# What the task asks:
An image-free reproduction of the data below is needed: print it exactly.

# Data shown:
........

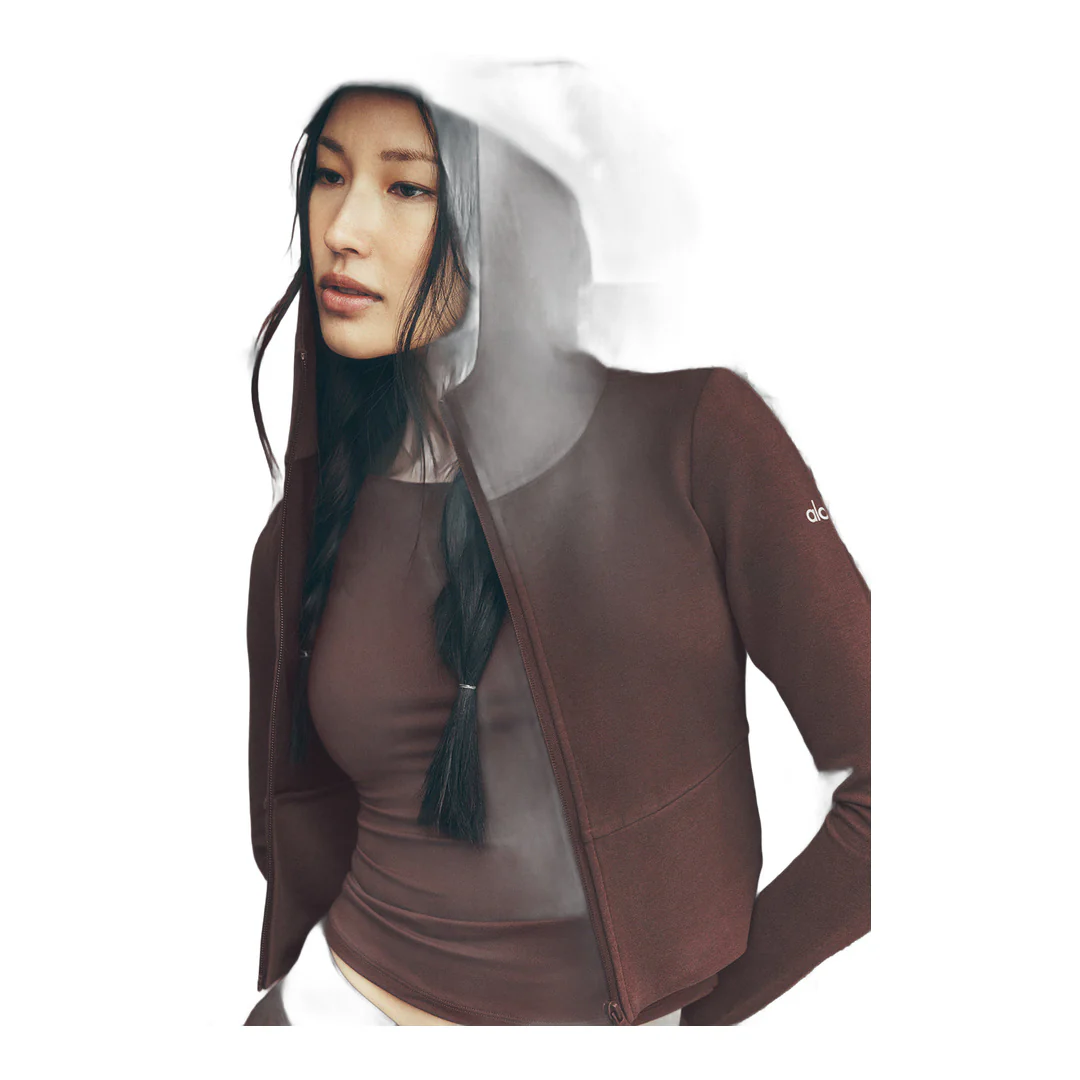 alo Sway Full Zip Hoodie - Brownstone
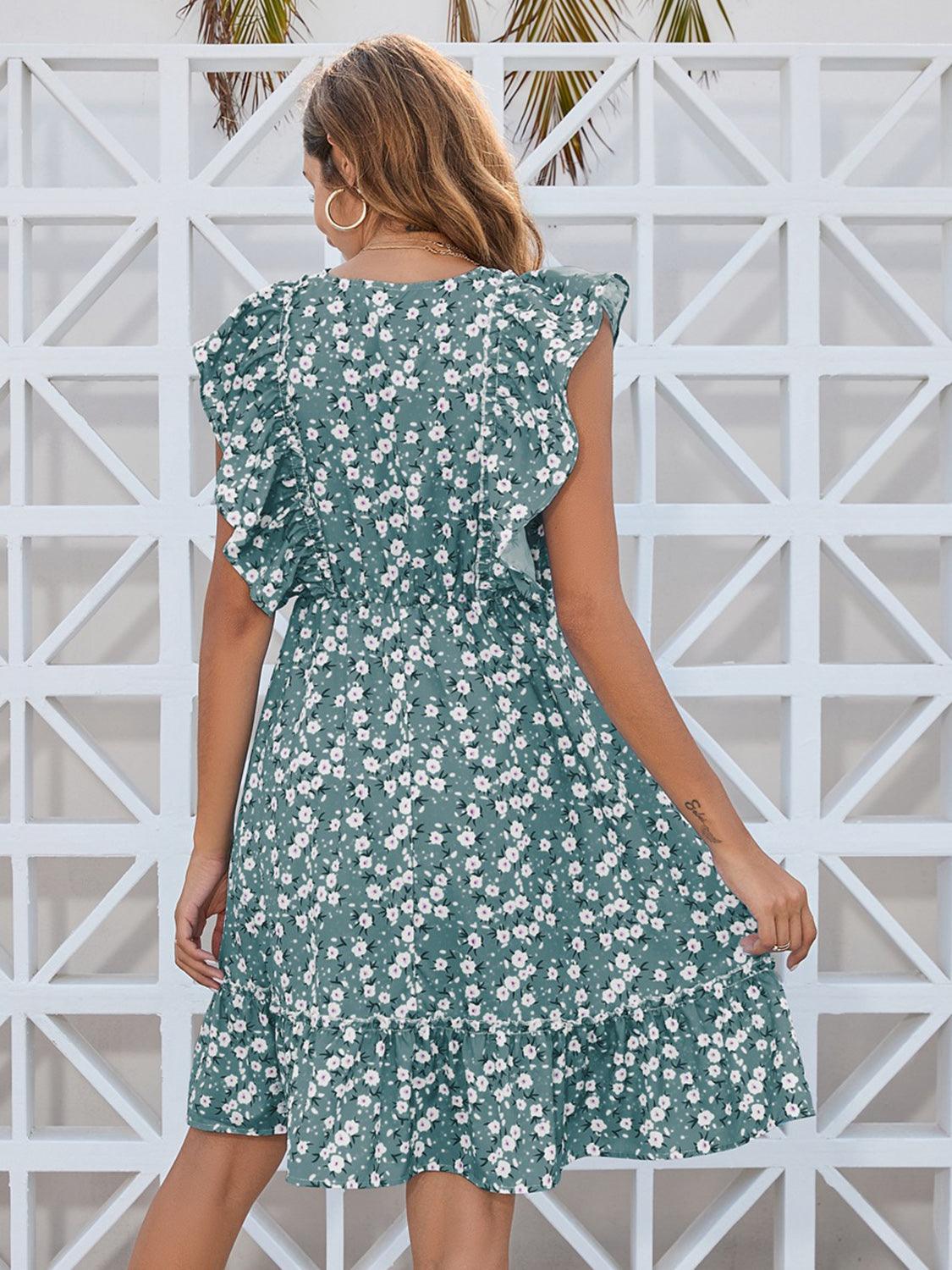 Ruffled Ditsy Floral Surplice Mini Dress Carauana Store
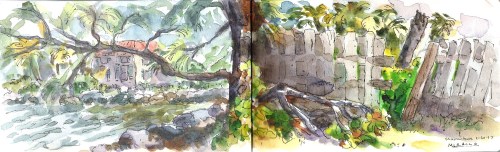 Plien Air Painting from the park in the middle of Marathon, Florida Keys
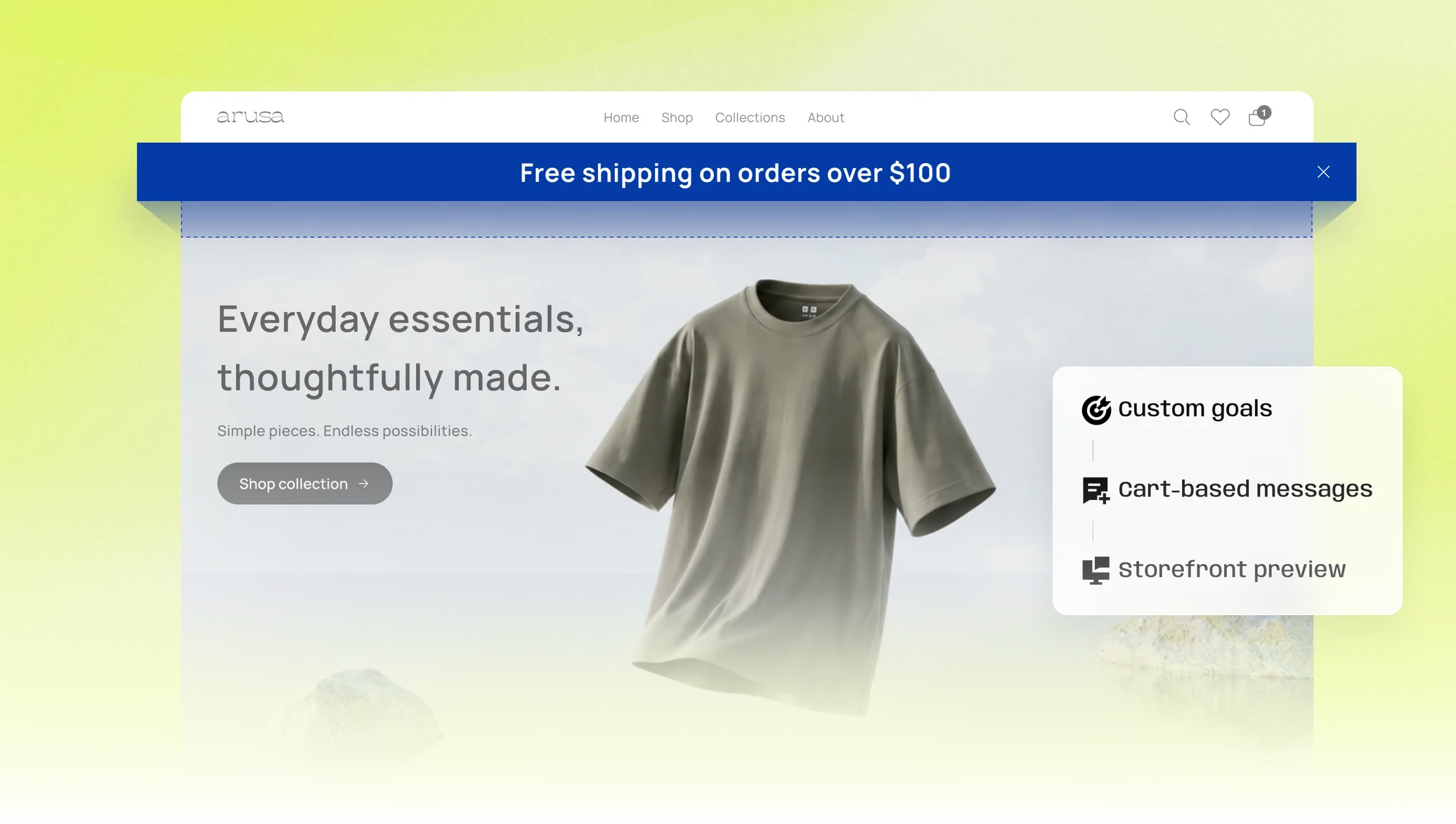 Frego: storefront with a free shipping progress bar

........

# Answer space:
 alo Sway Full Zip Hoodie - Brownstone
 Ruffled Ditsy Floral Surplice Mini Dress Carauana Store
 Plien Air Painting from the park in the middle of Marathon, Florida Keys
 Frego: storefront with a free shipping progress bar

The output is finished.